What she wants to open is a public boarding school.

And she has chosen Detroit, in part because the needs here are so great, as the place where she’s trying to turn that vision into a reality. Detroit College Preparatory Academy (DCPA) would be the first of its kind in Michigan, and only the second in the nation.

A $110,000 planning grant from the Michigan Department of Education — which doled out a total of 26 such grants in 2010 — has allowed Baker to lay the groundwork. An application for charter authorization from Lake Superior State University has been submitted, and a decision should be reached within the next month.

That boarding school never materialized and the last tweet from their @DetroitBoarding twitter account was in June of 2011. It is truly one of CMD’s “ghost schools” that received tax dollars but never opened for business.

But that doesn’t mean that Baker is out of the education business. She went on to join the Detroit Public Schools (DPS) in 2012 as the Chief Schools Officer for their Detroit Rising College Prep Schools. In 2013, Emergency Financial Manager Roy S. Roberts announced that she had been appointed to the position of Chief Innovation Officer of Charter Schools in DPS.

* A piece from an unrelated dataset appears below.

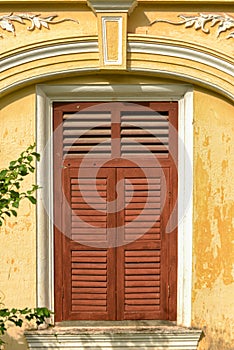 Wooden window of classic sino portuguese architecture in old town Phuket Thailand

Then, on January 5th of this year, Baker became the Deputy Superintendent for the Division of Education Services in the Department of Education and the State School Reform Officer in the office of the State School Reform/Redesign Office (SSRRO). When Governor Rick Snyder moved the SSRRO to the Michigan Department of Technology, Management and Budget (from the Department of Education) in March, Baker went with it and is still the State School Reform Officer now. In that position, she is in charge of bringing up the academic performance of the state’s schools that are in the bottom 5% in terms of academic achievement. In many cases in the past, this has involved a state takeover (read: Emergency Manager) of local school districts that are deemed to be “failed”. It was the SSRRO that had the exclusive contract with Gov. Snyder’s failed experiment with Detroit children, the Education Achievement Authority, to run schools in the city.

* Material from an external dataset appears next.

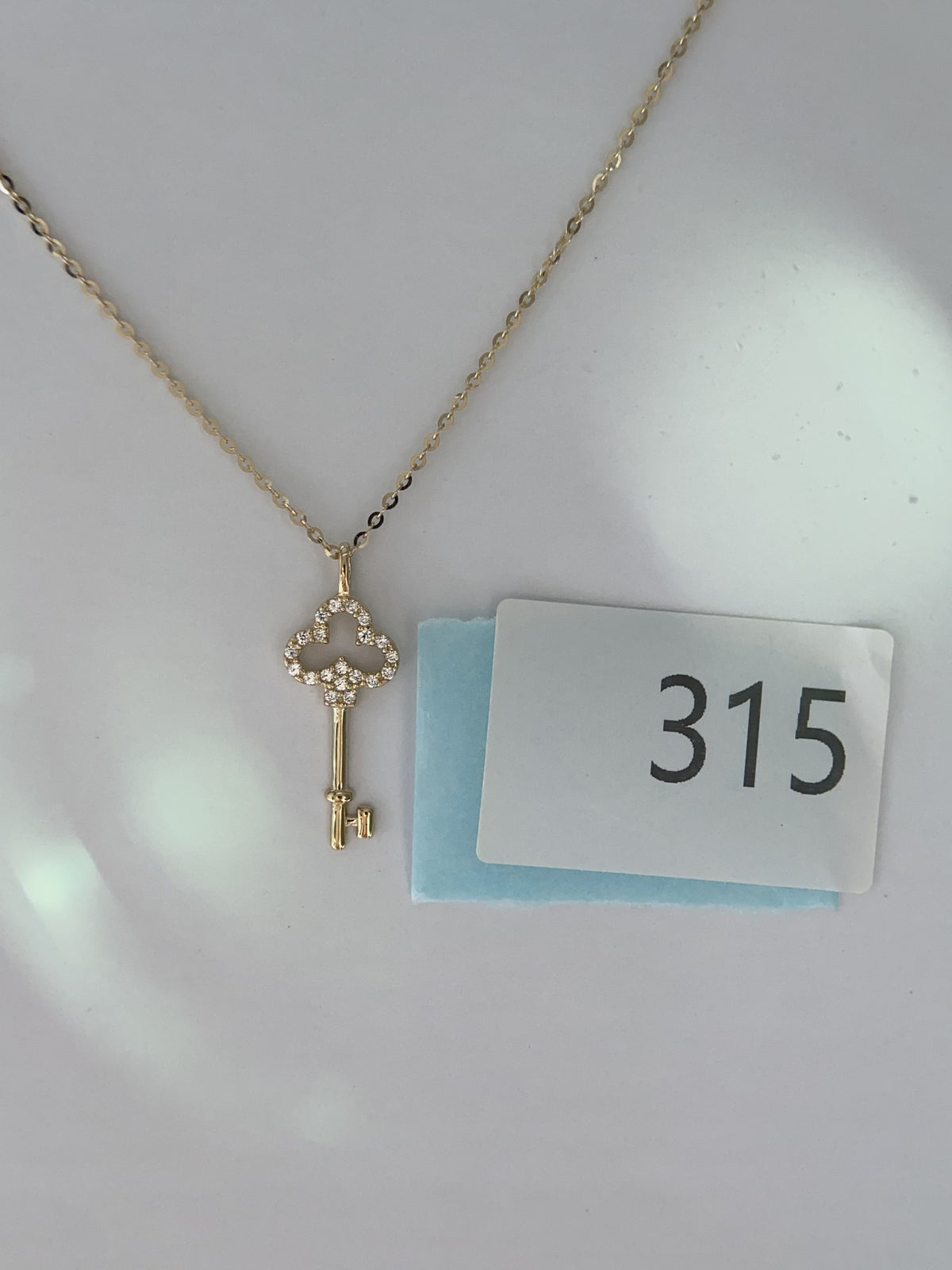 Actual product photo of 14K Solid Gold Pavé Clover Key Pendant, reference view 1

Who knows? Maybe she’ll make enough money in her new position to pay back taxpayers the $110,000 they gave her to open that boarding school she never actually opened.

Adding… I am not necessarily suggesting that Natasha Baker set out to scam taxpayers out of their money. I’m sure she’s a very nice lady and that her motives are pure. But here’s the thing: when businesses start out, they take out LOANS, they aren’t handed a pile of free money to see if they can make it work. While I’m the first to say that education isn’t – or at least shouldn’t be – a “business”, it’s also not venture capital situation where you hand over a hundred grand in tax dollars to someone who doesn’t have to pay it back if they end up not using it for its intended purpose. That situation hands all the risk to the taxpayers and most, if not ALL, of the benefit to the “entrepreneur”.

At the very least, Ms. Baker should give us all an explanation as to what happened to all that money, why she never paid it back, and if she plans to reimburse us for it.